4.2. Variables and Type Hints
Python is dynamically typed, but you can add type hints for better code documentation:
#!/usr/bin/env python3
"""
Modern Python variables and type hints examples.
"""
from typing import List, Dict, Optional
# Basic variables with type hints
name: str = "Alice"
age: int = 30
height: float = 5.6
is_student: bool = True
# Collections with type hints
numbers: List[int] = [1, 2, 3, 4, 5]
scores: Dict[str, int] = {"math": 95, "science": 88, "history": 92}
middle_name: Optional[str] = None # Can be None or string
# Dynamic typing still works
dynamic_var = "starts as string"
dynamic_var = 42 # now it's an integer
dynamic_var = ["now", "it's", "a", "list"]
# Multiple assignment
x, y, z = 1, 2, 3
first, *rest = [1, 2, 3, 4, 5] # first=1, rest=[2,3,4,5]

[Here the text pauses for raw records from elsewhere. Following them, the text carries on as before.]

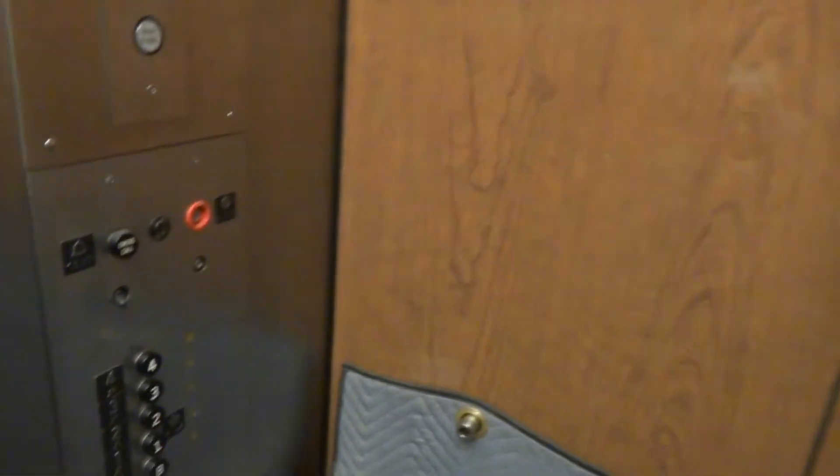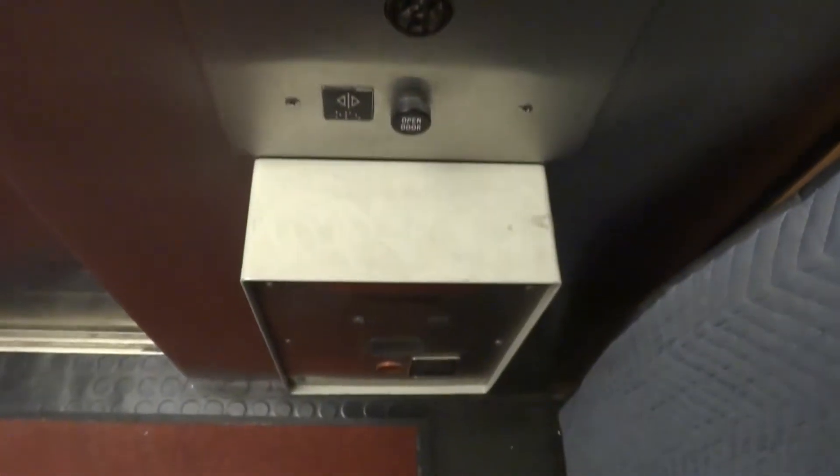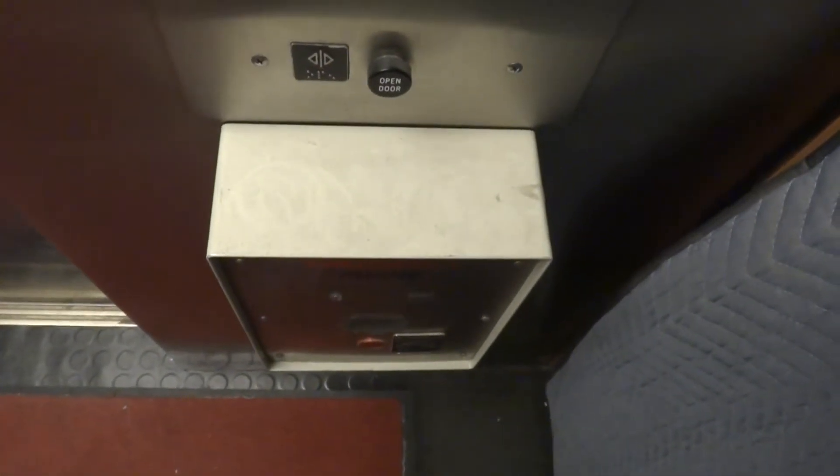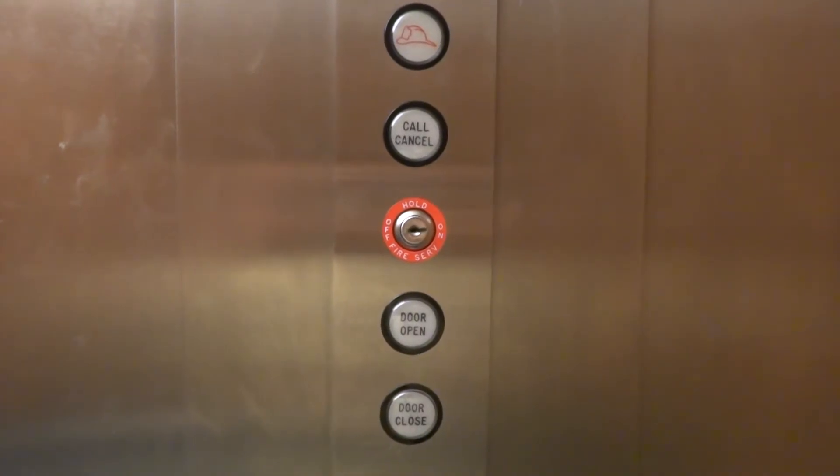So, let's go. ADA compliant phone. There are your Otis fixtures with fire service added to it.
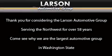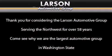Thank you for considering the Larson Automotive Group, serving the Northwest for over 58 years. Come see why we are the largest automotive group in Washington State.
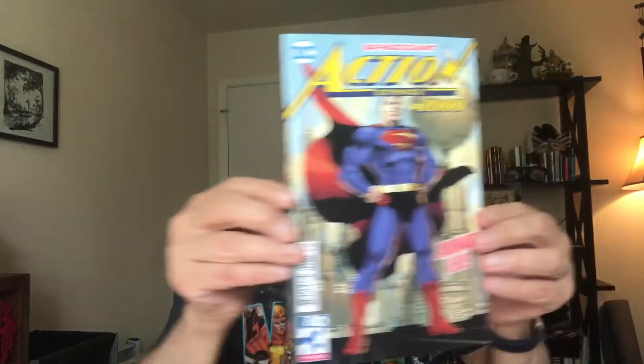We'll finish up with our milestone issue — Action Comics number 1000, Superman's 1000th issue in Action Comics. Love that cover — beautiful stuff. Anyway, thanks for watching, that's Superman for the day, hope you have a great day.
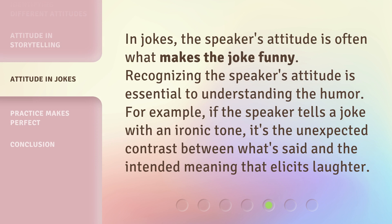In jokes, the speaker's attitude is often what makes the joke funny. Recognizing the speaker's attitude is essential to understanding the humor. For example, if the speaker tells a joke with an ironic tone, it's the unexpected contrast between what's said and the intended meaning that elicits laughter.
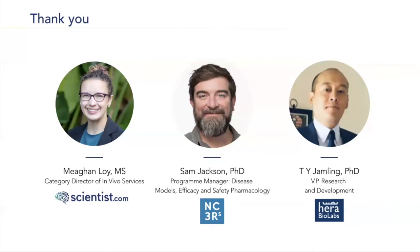Thank you, Sam — that was the last question. If you have any follow-up questions, feel free to submit them to us via email. Thank you to Dr. Jackson and Dr. Jamling for joining us today, and thank you all for listening in. Have a wonderful rest of your day.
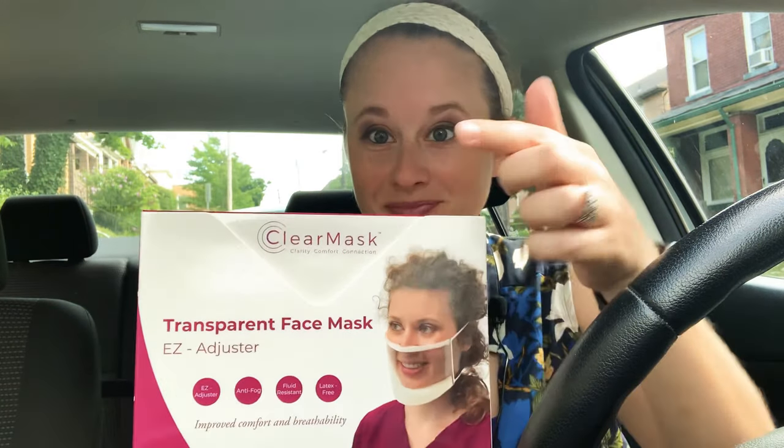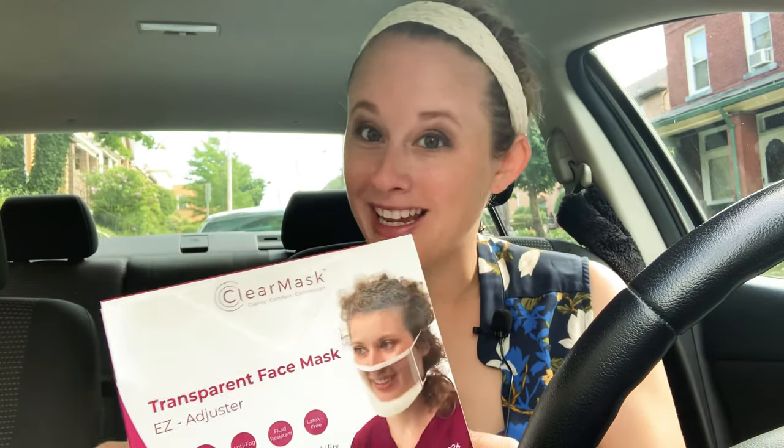As promised, I'm doing my mask review video. I got my transparent face masks the other day from Clear Mask, so I'm going to try one on and tell you what I like and don't like about it. I'm in my car studio as usual because it has the best sound, and I'm wearing a lavalier mic today to make sure you can hear me okay while I have the mask on.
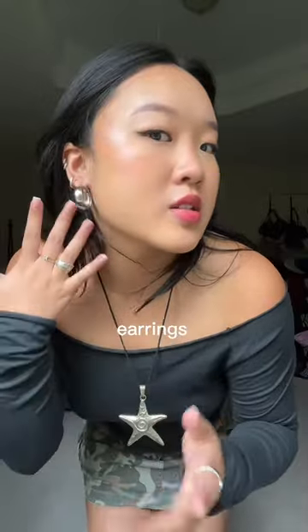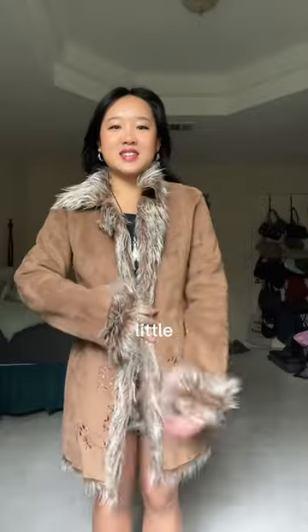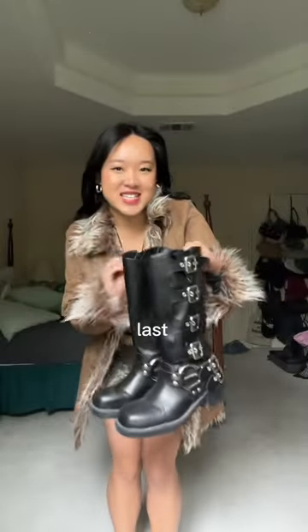For accessories we're going to go with this starfish necklace and I added some rings. I can't believe I almost forgot to add earrings, but we're going for just silver hoops. I also don't want to be too cold so I'm adding this little furry jacket over it, and then we're going to add these boots as a last little touch.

# Constants (by convention, use UPPER_CASE)
MAX_CONNECTIONS: int = 100
API_URL: str = "https://api.example.com"
print(f"Hello, {name}! You are {age} years old.")
print(f"Your scores: {scores}")
print(f"First number: {first}, rest: {rest}")
4.3. String Operations
Python offers powerful string manipulation with f-strings being the preferred approach:
#!/usr/bin/env python3
"""
Modern Python string operations with f-strings and advanced techniques.
"""
# F-string formatting (preferred in Python 3.6+)
name = "Python"
version = 3.12
print(f"Welcome to {name} {version}!")
# Multi-line f-strings
user = {"name": "Alice", "age": 30, "city": "New York"}
message = f"""
Hello {user['name']}!
You are {user['age']} years old
and live in {user['city']}.
"""
print(message)
# F-strings with expressions and formatting
numbers = [1, 2, 3, 4, 5]
print(f"Sum of {numbers} = {sum(numbers)}")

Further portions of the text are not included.